And this is not an exaggeration, there are boxes and box of them. 🤪
I have individual LED's as small as a pin head (they are soooo hard to work with) all the way up to a silver dollar, I have ropes, strips, neon's, bulbs and various fixtures.
And all of the drivers, repeaters, remote controls, power supplies and such to run them.

HI, I'm North Idaho Wolfman and I have an LED problem!

I did physically tests with 10+ different light fixtures on my garage and shops, and this style won.
I tested a lot of different brands and types.
The blade light put out the best spread of light at the highest Lumens for the lowest overall cost.
The real benefit to me is that they fit a standard base so when they go out, they just unscrew and screw in a new one.

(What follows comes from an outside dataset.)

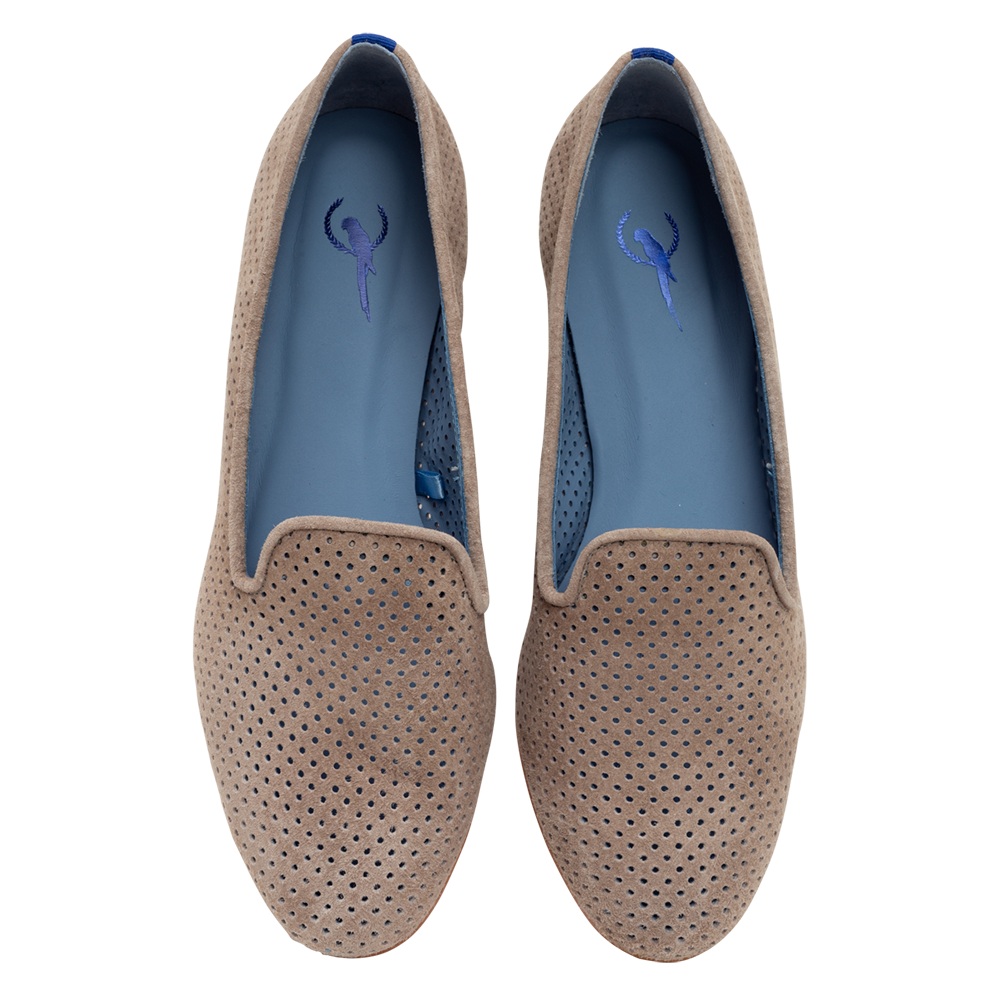 Perforated Grey Loafer - Blue Bird Shoes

I have put 1000's of hours on them and they are holding up perfectly.
I did have a few that showed up dead or burned out way to early but most sellers will replace them with no issues.
We did a unplanned test on one fixture when we were building out house, it was lit for 3+ years, on all the time, hit by surges, power outages, hot (103f) cold (-20f) and it's still working to this day.
so they hold up really well.

We did have the older LED's on the trailer and there were 2 outside lights that stayed on all the time, it was interesting that over several years they would get dimmer and dimmer, you'd really notice it when you changed them out.

One note: I bought the ones at Home Depot and a local farm and feed store and both failed in a extremely short period of time, they were very disappointing.

Second best was UFO lights but they are hard wired and pricey, they do put out more light but they are 3 to 4 times the cost.

Every light in our home is LED and they all had to be tested too before we installed them, we have various styles but most are flat panel ones.

Static test with all LED's lit up full bright, in house and 2 shops it works out to about $5 a month, and our place is not dim! Mrs. NIW complains they are too bright even with dimmers.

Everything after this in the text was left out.